本来であれば、皇女であるアンジェリカに、たとえ親衛隊副隊長とはいえ、一介の臣下であるジークハルトが気安く名前を呼ぶなど許されることではなかったが、アンジェリカがそれを求めることには理由があった。
コホと空咳をしてから、ゆっくりと、しかしはっきりと、アンジェリカの愛称を呼ぶ。
「アンジェ……」
その瞬間、アンジェリカは光が差したように明るい笑顔を見せた。
そのまましばらく小鳥を探しながら二人で辺りを歩く。
先程までは焦燥感に駆られていたアンジェリカも、ジークハルトと二人だと落ち着いて探すことができていた。
束の間の逢引に楽しささえ見出し始めたその時、ジークハルトがピタリと足を止めた。
どうしたのかとジークハルトの表情を窺うと、彼は強ばった表情で草むらの一点を見つめている。
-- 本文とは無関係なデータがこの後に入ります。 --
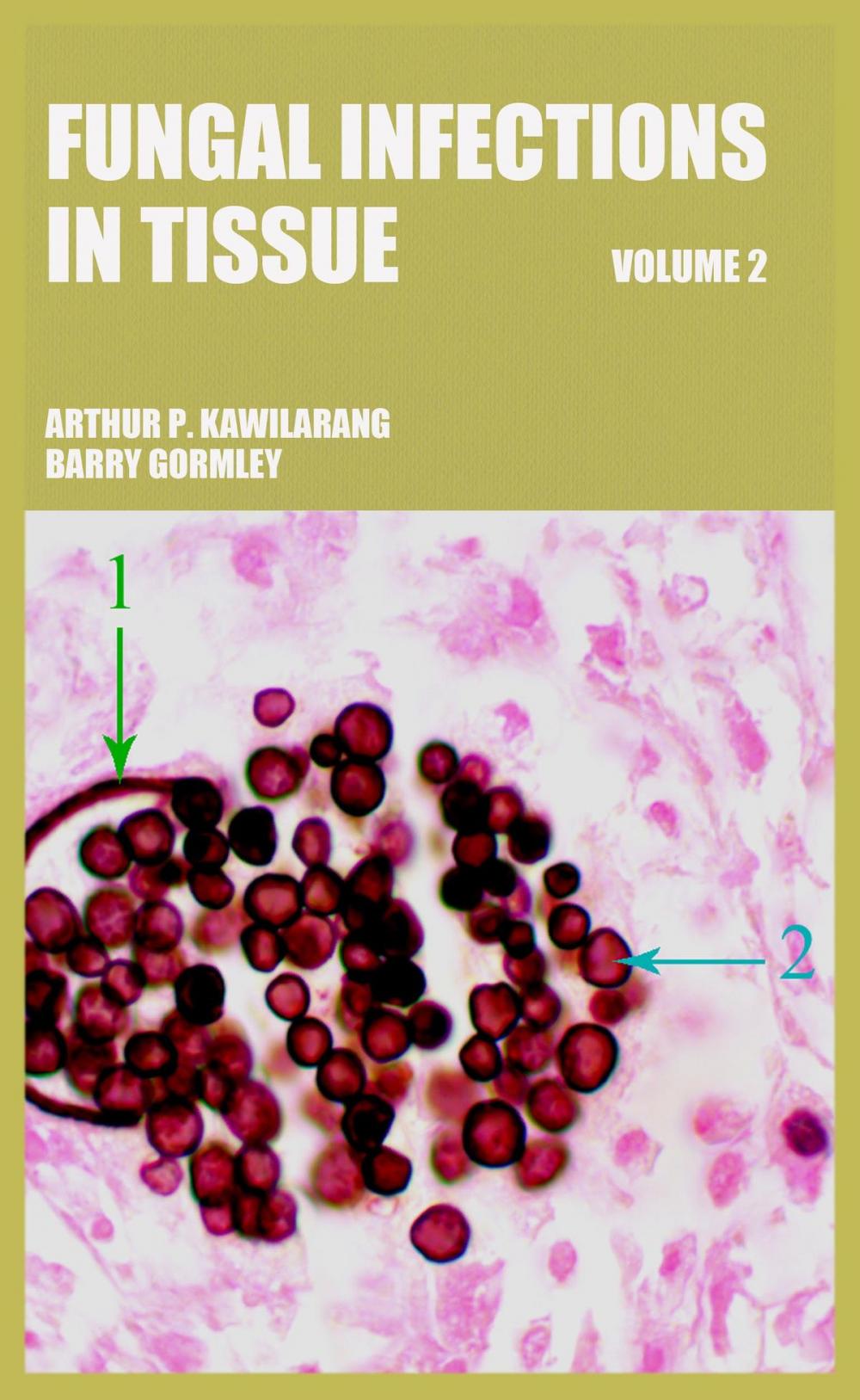 Big bigCover of Fungal Infections in Tissue Volume 2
ジークハルトの視線を追って、視線をずらしていくと──そこには全身血だらけの小鳥がいた。
「きゃあああッ! ピッピ!」
転びそうになりながら駆け寄って、しゃがみ込んで小鳥の名前を呼ぶが、血まみれの小鳥はピクリとも動かない。
そっと両手で取り上げると、その体は冷たく、すでに死んでからしばらく時間がたってしまっているようだった。
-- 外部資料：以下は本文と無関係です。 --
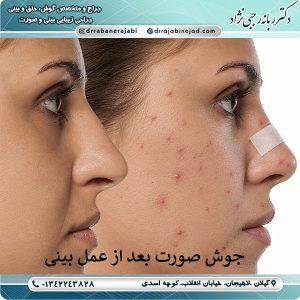 جوش صورت بعد از عمل بینی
「ごめんなさい……わたくしが目を離したばかりに……」
アンジェリカは頬に零れ落ちるほど大粒の涙を流しながら、小鳥の死骸に頬を寄せる。
「猫のおもちゃにされたのね……」
小鳥一匹の死に、子どものように泣きじゃくるアンジェリカを、ジークハルトは冷めた目で見ていた。
(不審な死だな……。庭園のはずれとはいえ、猫が迷い込むことなど、そうはないはず)
許可されたもの以外は入れないよう、城内はくまなく警備されている。
人間はもちろん、猫とはいえ、この警備をかいくぐることは容易ではないはずだ。
「アンジェ」
なおも涙をこぼすアンジェリカを抱きしめながら、ジークハルトは疑念を抱いていた。
そして時が流れて、運命の日。
アンジェリカは皇族専用の牢獄の中で、ジークハルトと対峙していた。